LYNNFIELD — Lynnfield girls soccer coach Mark Vermont is no stranger to big games. Now in his 19th season coaching the Pioneers, Vermont has guided the team to two state championships, three sectional championships and three appearances in the state final as well as eight Cape Ann League titles.
Friday afternoon at Veteran’s Field in Ipswich, Vermont added another accolade to his resume with the 250th victory of his Lynnfield career, thanks to a 2-1 road win over Ipswich.
Vermont waited until the team bus had left the field to inform his players of his milestone win.
“It’s sportsmanship, you just don’t celebrate anything on somebody else’s field,” said Vermont. “It was really pretty funny because I started by telling the girls how fortunate I have been to be part of such a great program, and then one of them just blurted out, ‘What, are you quitting?’ They were really excited, but, really, I just coach them.
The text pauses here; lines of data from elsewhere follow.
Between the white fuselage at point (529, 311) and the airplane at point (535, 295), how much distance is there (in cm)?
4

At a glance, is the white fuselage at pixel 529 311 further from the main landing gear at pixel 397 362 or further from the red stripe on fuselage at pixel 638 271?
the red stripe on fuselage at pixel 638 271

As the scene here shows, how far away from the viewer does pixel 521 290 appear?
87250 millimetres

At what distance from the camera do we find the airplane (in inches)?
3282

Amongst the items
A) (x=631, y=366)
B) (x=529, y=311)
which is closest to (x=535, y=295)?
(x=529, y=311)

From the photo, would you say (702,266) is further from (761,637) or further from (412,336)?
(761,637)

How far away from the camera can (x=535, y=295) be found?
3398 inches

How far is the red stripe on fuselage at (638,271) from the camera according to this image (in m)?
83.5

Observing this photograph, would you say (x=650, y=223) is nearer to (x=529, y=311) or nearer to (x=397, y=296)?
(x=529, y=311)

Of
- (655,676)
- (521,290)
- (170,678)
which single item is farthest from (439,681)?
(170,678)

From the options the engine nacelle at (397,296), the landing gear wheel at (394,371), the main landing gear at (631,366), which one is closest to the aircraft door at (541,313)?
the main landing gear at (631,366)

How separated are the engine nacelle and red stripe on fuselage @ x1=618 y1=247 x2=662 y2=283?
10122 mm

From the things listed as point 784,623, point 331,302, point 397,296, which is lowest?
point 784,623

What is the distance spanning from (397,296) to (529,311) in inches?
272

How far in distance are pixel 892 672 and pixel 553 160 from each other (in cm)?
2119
The kids are the ones who play the games and ultimately get the wins.
“It certainly is a milestone and it makes me think back to all the kids over the years who have helped get to this level. My message to the team on the bus was that they are now a part of these 250 wins.”
When Vermont arrived in Lynnfield in 2001 as Art McManus’ successor, he was already well versed in knowing what it takes to build a winning tradition, having won back-to-back state titles (1997, 1998) as an assistant at Winchester High under head coach Chris Scanlon.
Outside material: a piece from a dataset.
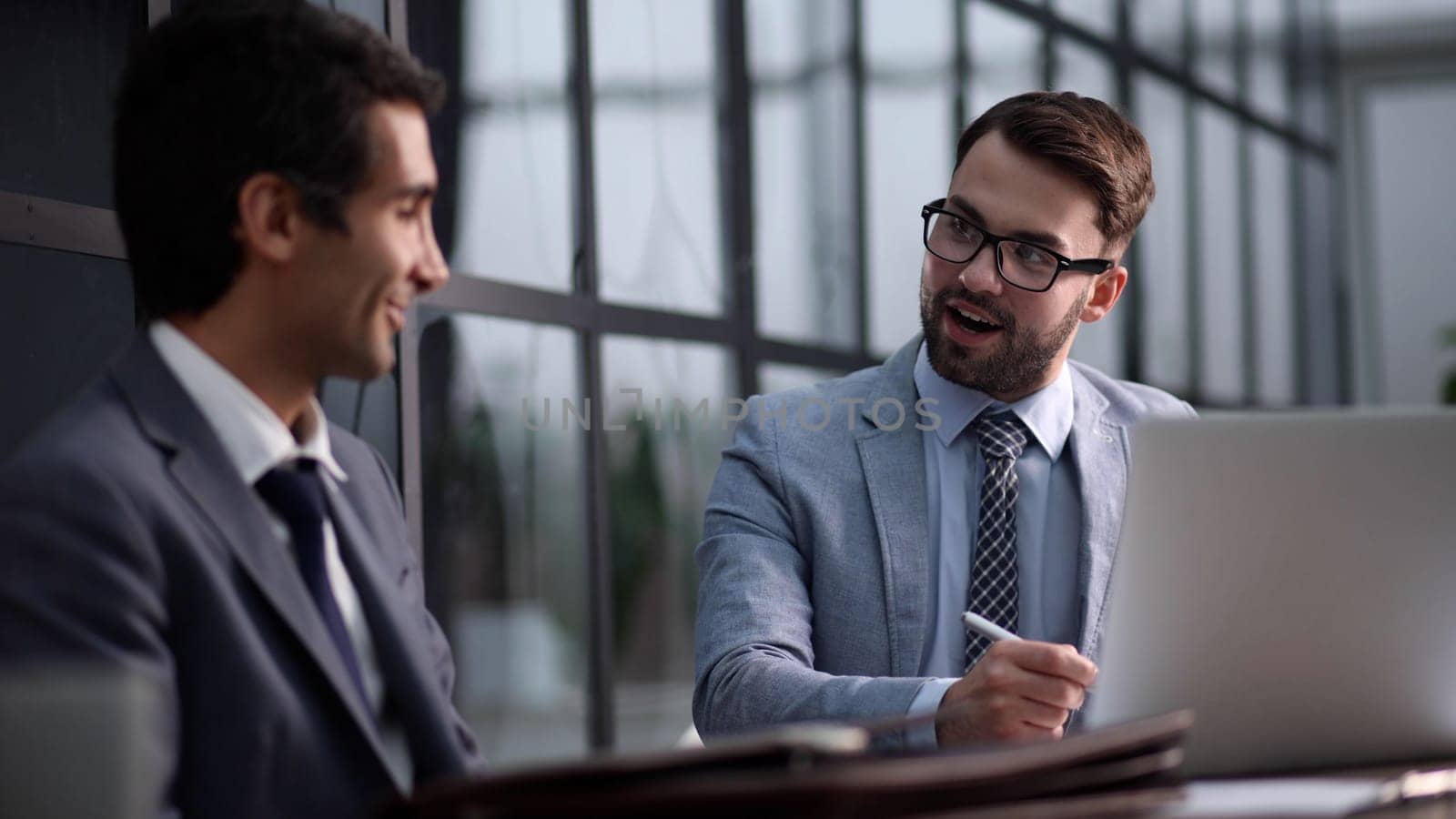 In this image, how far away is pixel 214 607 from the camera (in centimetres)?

He coached five seasons at Winchester before learning the Lynnfield job was open.
“I don’t remember how I heard about it, but I had an interview with Bill Adams and Steve McBride and was offered the job,” said Vermont, who has been a fifth-grade teacher at the Lynnfield Middle School since 2007.
He hit the ground running his first year, guiding the Pioneers to a 14-6-2 record and made it all the way to the North sectional final.
“I think that was the first time in a very long time that Lynnfield reached the finals,” Vermont said. “Being new, I am sure the kids had to adjust to my style, so it took time. I mean, they weren’t used to the fitness test I make them run at tryouts, and I am sure they didn’t like it. But I didn’t care as they were going to do it, like it or not.
“I knew I couldn’t do it all at once, but reaching the North final that first year I think helped my credibility in that it showed them that maybe I really do know what I am talking about.”
Two years later in 2003, the Pioneers hit the jackpot. They finished with a final record of 23-1 and won the state championship, defeating Douglas 2-0. The following year, Lynnfield went undefeated at 22-0-2, the final tie coming in the state championship final against Sutton when the teams battled through a blinding rainstorm to a 1-1 tie. Both teams were declared co-champions.
The Pioneers have missed qualifying for the tournament just once in 18 seasons. That year was 2012 when Lynnfield finished 6-8-4.
Vermont said the key to his success is two-fold.
“Coming from Winchester I saw firsthand how important it was to have team chemistry,” he said. “Chris and the girls had such a strong bond so I was able to see how he organized things to develop that bond. I took it and ran with it at Lynnfield. I think a combination of that as well as my rah-rah personality has allowed girls soccer to have the identity, the I-have-your-back mentality on and off the field that it does.
“One of the first things I did was use goal sheets before every game so the players know what they have to do,” Vermont said. “I think that also encourages the camaraderie and commitment.”
Vermont also said there is no substitute for a solid work ethic.
“A huge piece of the puzzle also, no doubt, is the fact that we work very, very hard,” said Vermont, a 1996 graduate of Gordon College where he was a goalkeeper. “It starts every year with the fitness test. The kids know that.”